У нас во Владикавказе жило знаменитое семейство богачей баронов Штейнгелей. Один из них построил Ласточкино гнездо в Крыму и железную дорогу из Ростова-на-Дону во Владикавказ. А другой, красавец, жизнелюб и всенародный любимец Владимир, провел в город первый водопровод от подножия Белой горы с кристально чистой студеной водой. Он помогал обустроить электрические огни в парке «Трек» и еще много чего, так как нрава был веселого и очень деятельного. Потом мне в Москве даже говорили, что барон Майгель у Булгакова – это наш барон. Так вот этот самый барон Владимир перед революцией построил в центре города сказочный особняк из «Тысячи и одной ночи» в мавританском стиле и подарил городу.
Когда пришли красные в первый раз, нашего барона Владимира арестовали и держали в подвале собственного дома. Говорят, он там тяжело заболел. Его даже собирались расстрелять, но по просьбе жителей, очень любивших своего эксцентричного богача-благодетеля, барона Владимира, выпустили, хотя все имущество и реквизировали в пользу трудящихся. А перед вторым приходом красных он, уже не ожидая никаких милостей от новой власти, бежал в Париж и, говорят, умалился там до швейцара в гостинице. Трудно в это поверить.
Так вот, в последний день отхода Красной Армии этот чудесный мавританский дворец взорвали. Это было самое красивое здание в городе! Теперь одни говорят, что дом подожгли выпущенные по городу пушечные снаряды белогвардейцев, другие – что его взорвали бойцы Одиннадцатой Красной Армии, мол, в подвалах хранились архивы ЧК. Брешут! Конница шкуровцев уже прорвалась в город, ее на время сумели задержать красноармейцы-пулеметчики у Чугунного моста. А когда эти красноармейцы последними отходили через наши шалдонские сады и Сапицкую будку на Военно-Грузинскую дорогу в меньшевистскую Грузию, они-то дворец и взорвали – мы сами с Павлушей видели с чердака. И не из-за секретных бумаг взорвали, а потому что подвалы были забиты конфискатом: дорогой материей, сукном, шерстью, ситцем. Взорвали, чтоб все это добро белым не досталось.
Мы видели, как казаки потом ныряли в огонь и вытаскивали тюки материи, тушили их шинелями и затаптывали огонь сапогами. После взрыва и пожара от дворца осталась одна мавританская башня, которую потом приспособили под пожарную каланчу…»
– Какая все это жуть, – прервала чтение дневника Алла. – Конец света. Почему все не сопротивлялись большевикам? Почему потом не бежали с белыми? Почему вообще эти идиоты думали, что с красными будет лучше?
– Никто не мог знать, чем дело кончится, – пожала плечами прамачеха. – Думали, что потихоньку все наладится. Потом, всем так обрыд старый порядок, что все чаяли нового, лучшего…

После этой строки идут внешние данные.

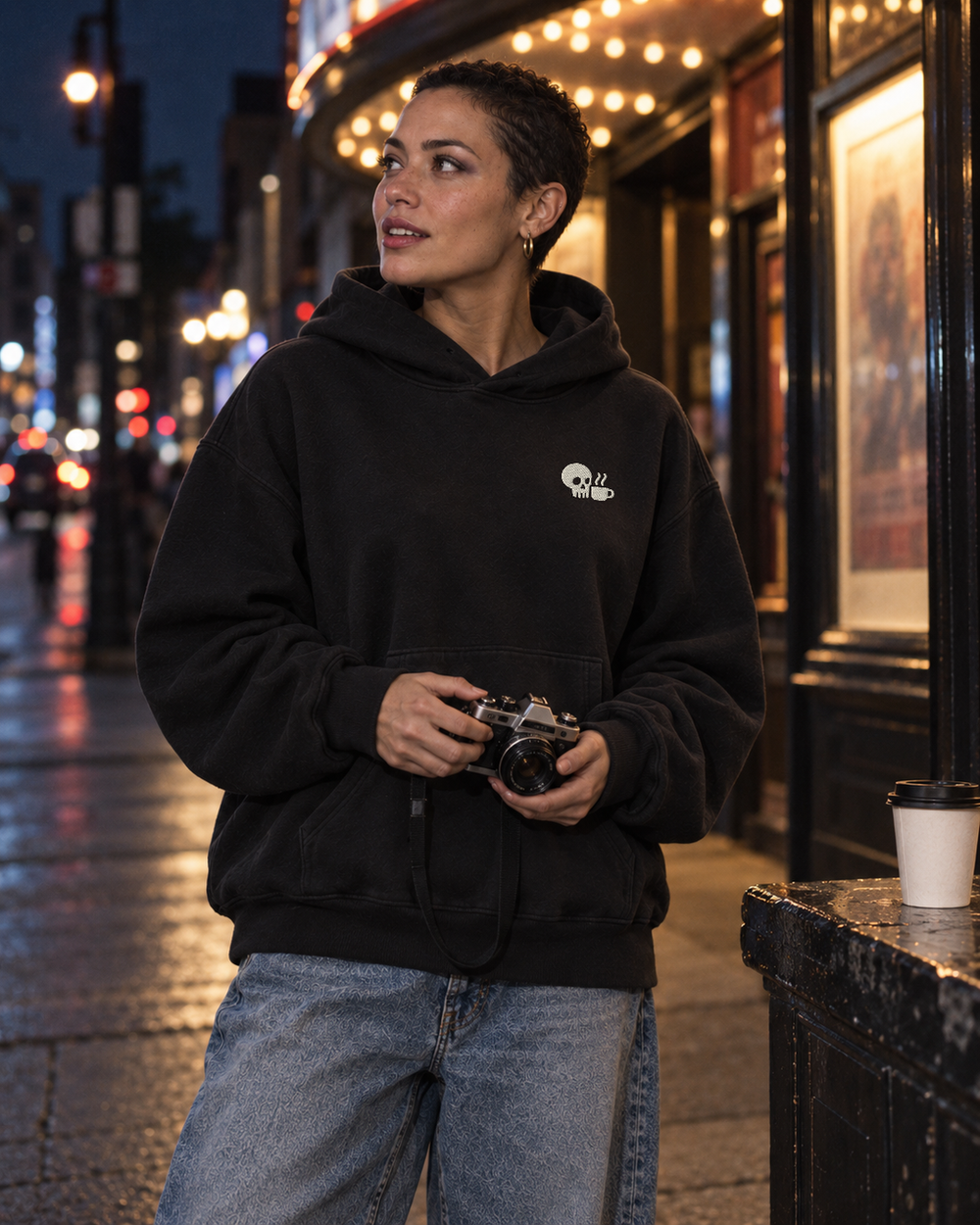 A woman holds a camera outside a lit cinema wearing the Vintage Black Coffee Companion Hoodie, with a small white skull-and-cup mark on the left chest, and faded blue jeans.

– Как подумаешь, сколько мы самих себя погубили, истерзали… Зачем все это? Знаешь, тяжко от этих дневников, душе жутко. Давай сделаем перерыв.

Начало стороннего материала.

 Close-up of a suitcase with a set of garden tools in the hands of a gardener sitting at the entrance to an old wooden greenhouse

– Давай. Расскажи мне, наконец, про твоего кавказского принца.
– Там все отлично! Как по маслу все само собой устроилось.

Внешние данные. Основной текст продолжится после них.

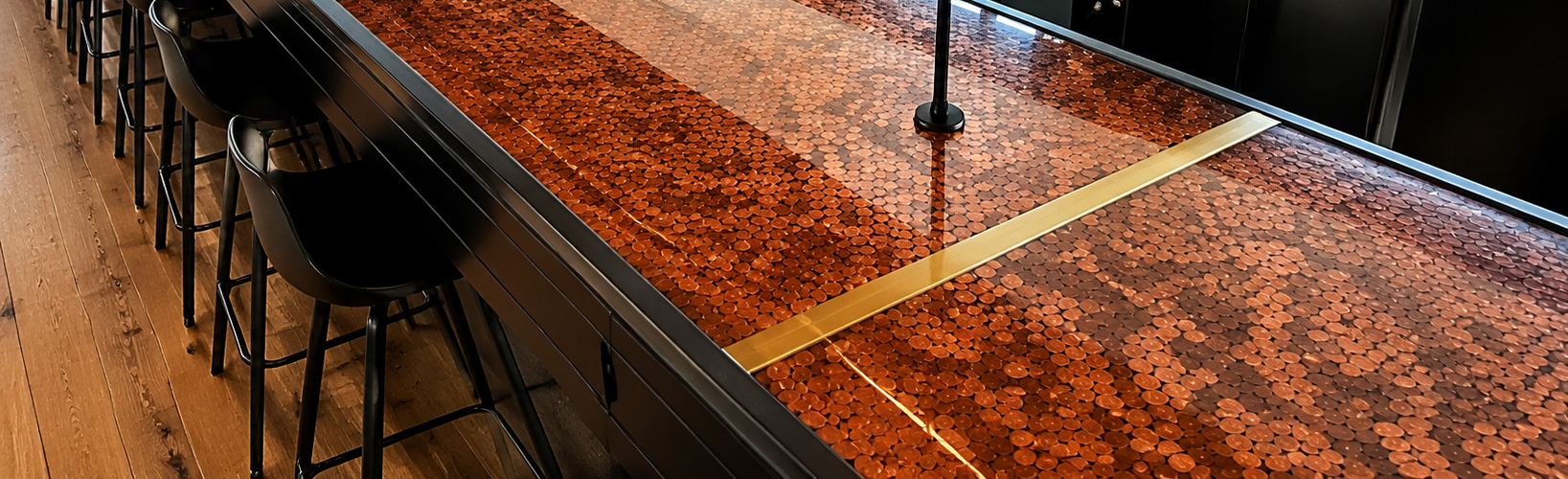 A long bar counter embedded with pennies, with black bar stools on one side and a wooden floor underneath.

– Он что, в тебя втюрился?
– Не знаю, – скромно потупилась Алла. А сама подумала: «А почему бы и нет? Что, если он сделает мне предложение? Вот будет фортель! Мы с папочкой перекрестно «породнимся»! – Она представила себя в роли хозяйки рублевского безобразия, и на душе сладко защекотало. – Не надо будет вымучивать этот юридический, Каха все разрулит. И вообще денег куры вовек не склюют. Разница у нас – ой-ой-ой, в пятнадцать лет. Почему бы ему не жениться?»